The move by the Democratic Senatorial Campaign Committee follows months of back and forth with Justice’s office over whether disclosure of the records is required under West Virginia law. Such requests are a typical part of opposition research conducted by opposing campaigns and political parties.
In this case, Democrats think they are plowing fertile ground as Justice gears up for a possible 2024 matchup against Sen. Joe Manchin III (D) in a state that Republicans view as one of their best pickup opportunities.
In 2019, two years into Justice’s gubernatorial tenure, media stories portrayed him as largely uninterested in his duties after his office did release copies of his schedules. The Associated Press reported at the time that Justice almost never met with his Cabinet, was rarely at the Capitol and was missing for a critical point during a legislative session. Critics said that Justice, a coal mining billionaire, appeared more interested in tending to his private business interests.
The DSCC is seeking copies of Justice’s schedule from January 2017 to the present to show a continued pattern. The lawsuit was filed in a circuit court in West Virginia.
A Justice campaign spokesman accused Democrats of being in “panic mode” since Justice’s April 27 entrance into the race and trying to bolster his Republican primary opponent, five-term Rep.
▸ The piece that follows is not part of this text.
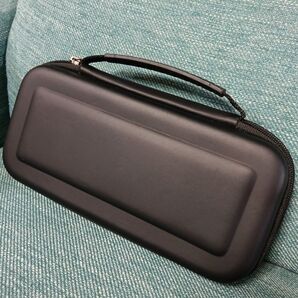 ニンテンドースイッチ NintendoSwitch専用セミハードキャリングケース 持ち手部分シリコン カード5枚収納2
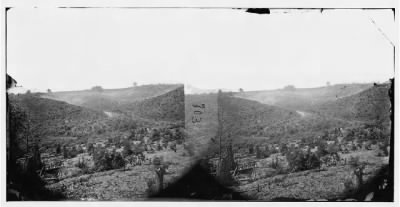 Thumbnail for 6611 - Belle Plain, Virginia (vicinity). Encampment of 7,000 Confederates in the 'Punch bowl'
Alex Mooney (R).
“[T]he Democrats are panicking and will do everything they can to prop up Alex Mooney, whom they know they can easily beat in the General Election,” Justice campaign spokesman Roman Stauffer said in a statement.
The lawsuit argues that Justice’s office is not following the law in a bid to shield him from more negative attention.
“Jim Justice cannot hide his work schedule — or lack thereof — from West Virginians, and this is an area which is sure to receive further scrutiny in his nasty primary and in a court of law,” DSCC spokesperson David Bergstein said in a statement.
Before Justice’s entrance into the race, his work ethic was already drawing scrutiny, including in an editorial last month in the Charleston Gazette-Mail.
“Of course, work hasn’t always been top of mind for the two-term governor, who has remained immersed in his private business interests (often in court over unpaid fees, fines or taxes), continued coaching high school basketball and is only in the capital city a couple of days each week,” the publication wrote.
Besides coal mining, the Justice family business holdings include the Greenbrier resort in White Sulphur Springs, W.Va., where he announced his candidacy last month.
Justice appeared onstage with Babydog, his English bulldog, who has joined him frequently during his political career, including at his 2022 State of the State address at the West Virginia Capitol.
Justice, 72, was first elected governor as a Democrat in 2016. He announced he was switching parties and becoming a Republican at a 2017 rally hosted by then-President Donald Trump in Huntington, W.Va.
Manchin, a moderate Democrat who has often criticized President Biden on environmental and economic policies, has said he would announce by year’s end whether he would seek another term in the Senate.